Bu olay vesilesiyle, ABD’nin hegemonik yöntemlerinin sahada nasıl işlediğini de görüyoruz. Önce kendi örtülü veya açık desteği altında IŞİD ve PYD’yi kullanarak Türkiye’yi ürkütüyor. Aynı zamanda onun adına, Suriye’yi işgalini meşrulaştırabileceği gerekçeler yaratıyor. Türk ordusu işgale başladıktan sonra ona küçük küçük “zafer”ler bahşediliyor. İşgalci ordunun şevkini arttırmak için zaman zaman PYD ya da IŞİD tarafından tahrik amaçlı nokta vuruşları yapılıyor. Yaptırılıyor da demek mümkün. Böylece daha fazla ABD’ye dayanmasının, aynı anlama gelmek üzere, daha fazla çamura batmasının koşulları da yaratılmış oluyor. Artık Türkiye’nin nerede duracağı belli değildir. ABD’nin bu işgalle başlayan gelişmeleri ve Türkiye de dahil sahada kullandığı oyuncuları daha ne kadar kontrol edebileceğini kestirmek güçtür.

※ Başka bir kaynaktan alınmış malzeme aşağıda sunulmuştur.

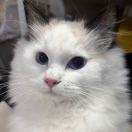 茉莉是只小猫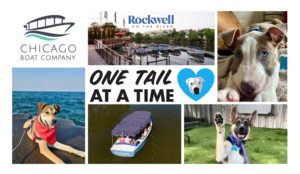 All Paws On Deck: Dog Day Adoption Event with the Chicago Boat Company and One Tail at a Time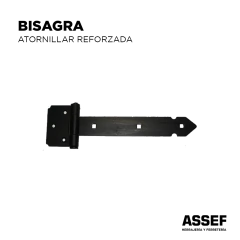 Bisagra Atorniallar 250 Reforzada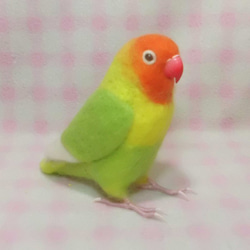 リアルサイズ♪ ボタンインコ ヤマブキボタン 羊毛フェルト　受注作成　うちの子オーダー可能　羊毛インコ　メモリアル 2枚目の画像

Şimdi Türkiye dış bakanının, dün, “tarihin en büyük savaşına hazırlanıyoruz” şeklindeki demeciyle kast ettiği herhalde “Güneydoğu” yu, Suriye ve hatta Irak’ı da kapsayacak bir savaştır. AKP parmağını peynirde görünce kendisini (genellikle olduğu gibi) Mandıra’da sanmaktadır. Atıp tutmaktadır.
Rusya, işlerin anlaşmayla bağlandığı şekilde gitmediğini görünce Türkiye’ye karşı sesini yükseltmektedir. Biraz ileride, Rusya ve İran’la 15 Temmuz öncesinde duruma geri dönülürse şaşırmamak gerekir. Türkiye devleti zaten kısıtlı olan aklını tamamen yitirmiş haldedir. Sürüklenmeye devam ediyor. Sürüklendikçe, “amok koşucusu” psikolojiyle davranma eğilimleri güçleniyor.
NOTLAR:
1) Emekli CIA elemanı Graham Fuller, 15 Temmuz’un hemen sonrasında, yani sıcağı sıcağına, www.consortiumnews.com sitesinde konuyla ilgili 3 makale yazmıştı. Bu yazılardan Gülen Cemaati’nin doğrudan ABD tarafından yönlendirilmekte olduğu, darbenin ABD devleti içindeki bir takım güçler tarafından planlanmış olduğu, desteklendiği, ABD yönetiminin bu girişimden öncesinde haberdar olduğu anlaşılıyor (anlaşılıyor, çünkü söz konusu 3 yazıyı okuduktan sonra “öyle bir izlenim ediliyor” demek kifayetsiz bir ifade olurdu).